Thursday, 6 August 2020

ISOLATION DIARIES PART 50: NO QUEUES AT THE BAR

‘This is new,’ said my inner monologue. I was approaching a pub I’d been to loads of times before. Only this time, instead of strolling in, hands casually in pockets, I was met with the signs - the new, laminated, bold-print instructions on safely using the Fox and Hounds.


They’re very well organised. A one-way system around the garden, well-spaced tables with large umbrellas, menus and benches; table service with bar staff in posh black masks! Nobody goes to the bar any more; in Coronatown, in 2020, the bar comes to you.


Where was this when I was first figuring out the pub-queuing rules in the 1990s? That mystifying system we had of slowly nudging our way through a sea of tall people’s elbows, leaning confidently on the bar and trying to catch the barman’s eye... would not have been the frustrating puzzle it was had there been table service!

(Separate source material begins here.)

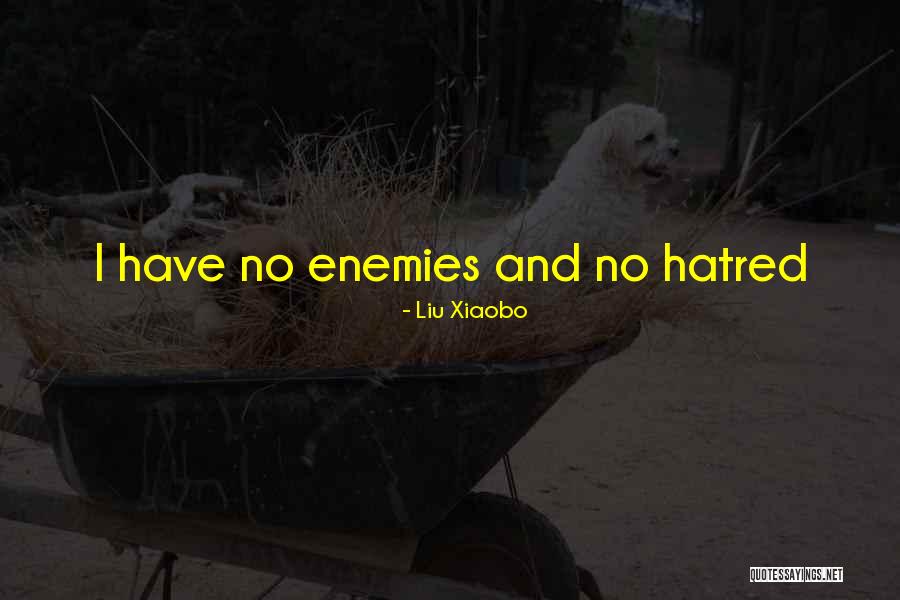 Liu Xiaobo Quotes 1904014 Liu Xiaobo Quotes 1904014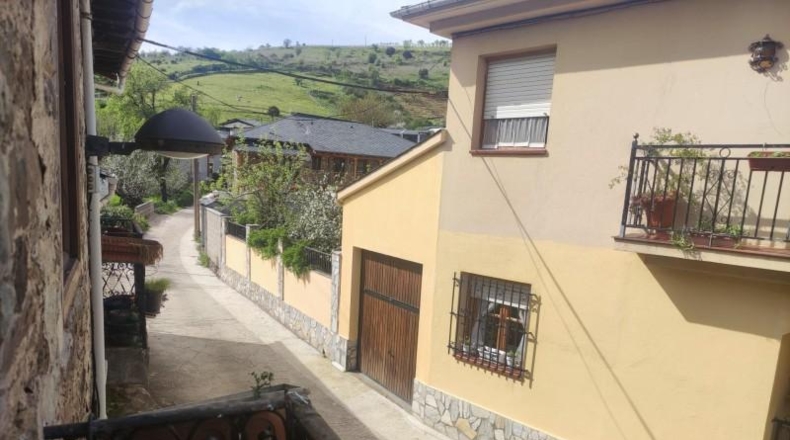 Leon - Ponferrada - 450m2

Gone would have been the days of seeing people who were behind you suddenly appear in front of you in the ‘queue’ and trying to figure out how they quantum-tunnelled past you! (And for a nation famed for our queues by the way, the pub is a belting anomaly that no-one ever talks about isn’t it! We queue for the bus simply, linearly, but the  queue for the bar is a melee - either so advanced that it no longer looks like a queue at all, or so primitive that our quest for ‘getting served’ has somehow overwhelmed our traditional queue-logic completely and turned us into a sprawl.)


Anyway that was the old way. No more clutching a tenner in a sweaty palm while you’re being shunted about by the crowd, all angling to rest a victorious hand on the wood, or a precious foot on the gold pipe that runs beneath.


And what about having to lean across, to shout your order into the raised eyebrow of the staff because the music’s enormous? I used to have to heave myself up on my elbows, over the bar like a child, feet dangling and everything.


“Pint of coke, no ice,” I’d say. The bartender would cup his ears and mouth the word ‘what?’


I’d invariably end up with some purple concoction. At one particular pub in Bath, the cider I’d found I’d accidentally ordered (according the system) glowed in the dark.


Yeah all that’s different now. It’s civilised and simple. A man who looked like Zorro showed me to a garden table with a Kronenburg umbrella, and I ordered an orange juice. I didn’t go inside once the whole time. There he was with a pad and a pencil like a springer spaniel.


It’s sad I guess, going to places that used to feel freer. But for now we all get that it’s necessary. I do hope I get to live in a world where the old English pub is back to normal though, some day.